But the unknown leaped out at them.
When the scientists combined their map with other cosmological data, they were surprised to find that it did not quite agree with the otherwise reliable standard model of the universe, which assumes that dark energy is constant and unchanging. A varying dark energy fit the data points better.
“It’s certainly more than a curiosity,” Palanque-Delabrouille said. “I would call it a hint. Yeah, it’s not yet evidence, but it’s interesting.”
But cosmologists are taking this hint very seriously.
Wendy Freedman, an astrophysicist at the University of Chicago who has led efforts to measure the expansion of the universe, praised the new survey as “superb data”. The results, she said, “open the potential for a new window into understanding dark energy, the dominant component of the universe, which remains the biggest mystery in cosmology. Pretty exciting.”
Michael Turner, an emeritus professor at the University of Chicago who coined the term “dark energy,” said in an email: “While combining data sets is tricky, and these are early results from DESI, the possible evidence that dark energy is not constant is the best news I have heard since cosmic acceleration was firmly established 20-plus years ago.”
Dark energy entered the conversation in 1998, when two competing groups of astronomers, including Riess, discovered that the expansion of the universe was speeding up rather than slowing, as most astronomers had expected. The initial observations seemed to suggest that this dark energy was acting just like a famous fudge factor – denoted by the Greek letter Lambda – that Albert Einstein had inserted into his equations to explain why the universe didn’t collapse from its own gravity. He later called it his worst blunder.
But perhaps he spoke too soon. As formulated by Einstein, Lambda was a property of space itself: The more space there was as the universe expanded, the more dark energy there was, pushing ever harder and eventually leading to a runaway, lightless future.
Dark energy took its place in the standard model of the universe known as LCDM, composed of 70 per cent dark energy (Lambda), 25 per cent cold dark matter (an assortment of slow-moving exotic particles) and 5 per cent atomic matter. So far that model has been bruised but not broken by the new James Webb Space Telescope. But what if dark energy were not constant as the cosmological model assumed?
Loading
At issue is a parameter called w, which is a measure of the density, or vehemence, of the dark energy. In Einstein’s version of dark energy, this number remains constant, with a value of -1, throughout the life of the universe. Cosmologists have been using this value in their models for the past 25 years.

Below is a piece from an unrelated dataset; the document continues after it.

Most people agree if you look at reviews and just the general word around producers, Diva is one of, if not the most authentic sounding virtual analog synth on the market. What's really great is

But this version of dark energy is merely the simplest one. “With DESI we now have achieved a precision that allows us to go beyond that simple model,” Palanque-Delabrouille said, “to see if the density of dark energy is constant over time, or if it has some fluctuations and evolution with time”.
The DESI project, 14 years in the making, was designed to test the constancy of dark energy by measuring how fast the universe was expanding at various times in the past. To do that, scientists outfitted a telescope at Kitt Peak National Observatory with 5000 fibre-optic detectors that could conduct spectroscopy on that many galaxies simultaneously and find out how fast they were moving away from Earth.

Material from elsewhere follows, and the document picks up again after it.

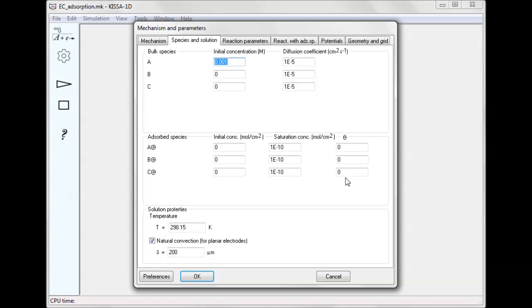This rest period, whose duration and potential are set on the potential step, is long enough for the diffusion layer developing from the electrode surface to reach the boundary of the stagnant layer of solution. Therefore, the effect of natural convection on the mass transport in this system should be taken into account as done in this case. Delta here is the thickness of the stagnant layer.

As a measure of distance, the researchers used bumps in the cosmic distribution of galaxies, known as baryon acoustic oscillations. These bumps were imprinted on the cosmos by sound waves in the hot plasma that filled the universe when it was just 380,000 years old. Back then, the bumps were 500,000-light-years across. Now, 13.5 billion years later, the universe has expanded a thousandfold, and the bumps – which are now 500-million-light-years across – serve as convenient cosmic measuring sticks.
The DESI scientists divided the past 11 billion years of cosmic history into seven spans of time. (The universe is 13.8 billion years old.) For each, they measured the size of these bumps and how fast the galaxies in them were speeding away from us and from each other.
When the researchers put it all together, they found that the usual assumption – a constant dark energy – didn’t work to describe the expansion of the universe. Galaxies in the three most recent epochs appeared closer than they should have been, suggesting that dark energy could be evolving with time.
“And we do see, indeed, a hint that the properties of dark energy would not correspond to a simple cosmological constant” but instead may “have some deviations,” Palanque-Delabrouille said. “And this is the first time we have that.” But, she emphasised again, “I wouldn’t call it evidence yet. It’s too, too weak.”
Time and more data will tell the fate of dark energy, and of cosmologists’ battle-tested model of the universe.
Loading
“LCDM is being put through its paces by precision tests coming at it from every direction,” Turner said. “And it is doing well. But, when everything is taken together, it is beginning to appear that something isn’t right or something is missing. Things don’t fit together perfectly. And DESI is the latest indication.”
Riess of Johns Hopkins, who had an early look at the DESI results, noted that the “hint,” if validated, could pull the rug out from other cosmological measurements, such as the age or size of the universe. “This result is very interesting and we should take it seriously,” he wrote in his email. “Otherwise why else do we do these experiments?”